A spirited primer in Sonoran Desert ecology, cloaked in a memoir of gardening. To judge by this graceful little study of insects and desert plants, Alcock (The Masked Bobwhite Rides Again, 1993), a zoologist at Arizona State University, is a suburban neighbor's nightmare. First, he replaced his Bermuda-grass lawn with gravel, cacti, and succulents to replicate the look of the desert before humans remade it. Next, he festooned his yard with cowpies carefully selected for size, weight, and dryness, the creme de la creme of termite chow, as far as Gnathamitermes are concerned, whereafter that voracious insect would find hospitable quarters in his domain. Then he seeded his property with flowers to attract a flotilla of winged and crawling creatures, carpenter bees and globe mallow bees, brittlebush aphids and milkweed aphids, these and many other insects.
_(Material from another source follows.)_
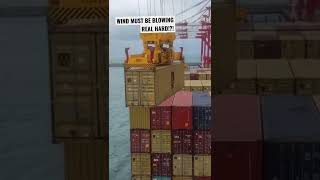 Crane OPERATOR tries to load cans during EXTREME WINDS on the port windy shorts shortsfeed wow [upl. by Edalb]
Thus equipped with a back-door laboratory for ecological studies, Alcock spent the next few years observing what happened; his observations provided him with the field notes from which this book is made. Alcock fills his pages with asides on the insects he has studied for so long at close hand. We learn, among other things, that female praying mantises have gotten a bad rap as spousal murderers; rising to their defense, he observes that the extent of female consumption of males during copulation had been greatly exaggerated. We learn as well that aphids are to be prized, the occasional loss of a rosebush or milkweed plant aside, for their marvelous properties: They reproduce without the curious beings we call males and otherwise develop and mutate in unexpected ways. Ever original, Alcock encourages readers to view the desert with new eyes through this fine contribution to arid-lands literature. (Kirkus Reviews)


Author Information

John Alcock is professor of zoology at Arizona State University. Turid Forsyth is a writer, artist, and photographer. She lives in Ontario.